Market Value to Book Value ratio: this is defined as the ratio of market value per share to the book value per share. It is a measure of the firm's generation of wealth. If it is more than 1, that is, if the market value exceeds the book value, it means wealth has been generated.  We can see that if the ratio of market value to book value is equal to one, all the three ratios,  namely, earnings price ratio (reciprocal of price-earning ratio), yield and return to equity will be equal to each other. Nobel laureate James Tobin has proposed a valuation ratio, called Tobin's q, after the letter he used to denote it. The q ratio is defined as:

(Market value of equities and liabilities)/(estimated replacement cost of assets)


The q ratio looks a little like the market value to book value ratio.
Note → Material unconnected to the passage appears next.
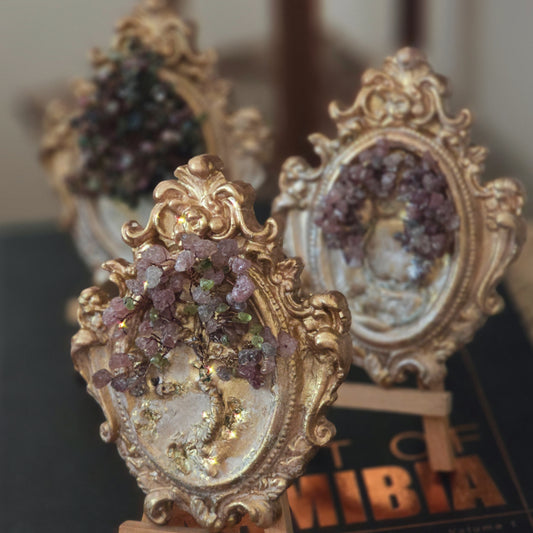 Handmade Tree of Life sculpture with Rose Quartz and Peridot in ceramic frame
But there are two important differences: the numerator of the q ratio includes liabilities of the issuer of debt instruments along with market value of equities, that is, it includes all wealth. Also, in the denominator of the q ratio, the assets are valued at their replacement cost, not book value.

The main functions of the secondary markets are that it provides useful information both to the issuer as well as investors the  function it serves for the issuer is as follows. The secondary market provides regular information, by the latest prices of shares, to the original issuer of the shares about the value of its shares. The periodic trading of the asset reveals to the issuer the price the share commands in the market at a certain time. Such information helps the issuer to evaluate how well they are using the funds from earlier primary market activities, and it also provides some idea about how receptive investors will be to new issues.


To the original buyer of shares in the initial public offering in the primary market, the secondary market acts like an escape clause. If the shares do not seem to be doing as well as the original buyer thought, he or she can always sell it for cash. Of course, the investor can also sell it for cash with a view to making capital gains. The secondary market provides the original buyer of the  hares an opportunity to sell these for cash. In fact, if the investors are not confident tat they can move from one financial asset to another, they might be reluctant to invest in any security. This will make it difficult for the issuers to issue new shares, and  moreover, they will have to offer higher returns or dividends to attract investors. The secondary markets also perform a useful function in that they provide information about the assets' fair price, as well as liquidity from their assets should they want to sell the assets. Another very important function performed by secondary stock markets is that they reduce search costs, by making it easier for buyers and sellers of assets to find each other. The secondary markets also lower transactions cost.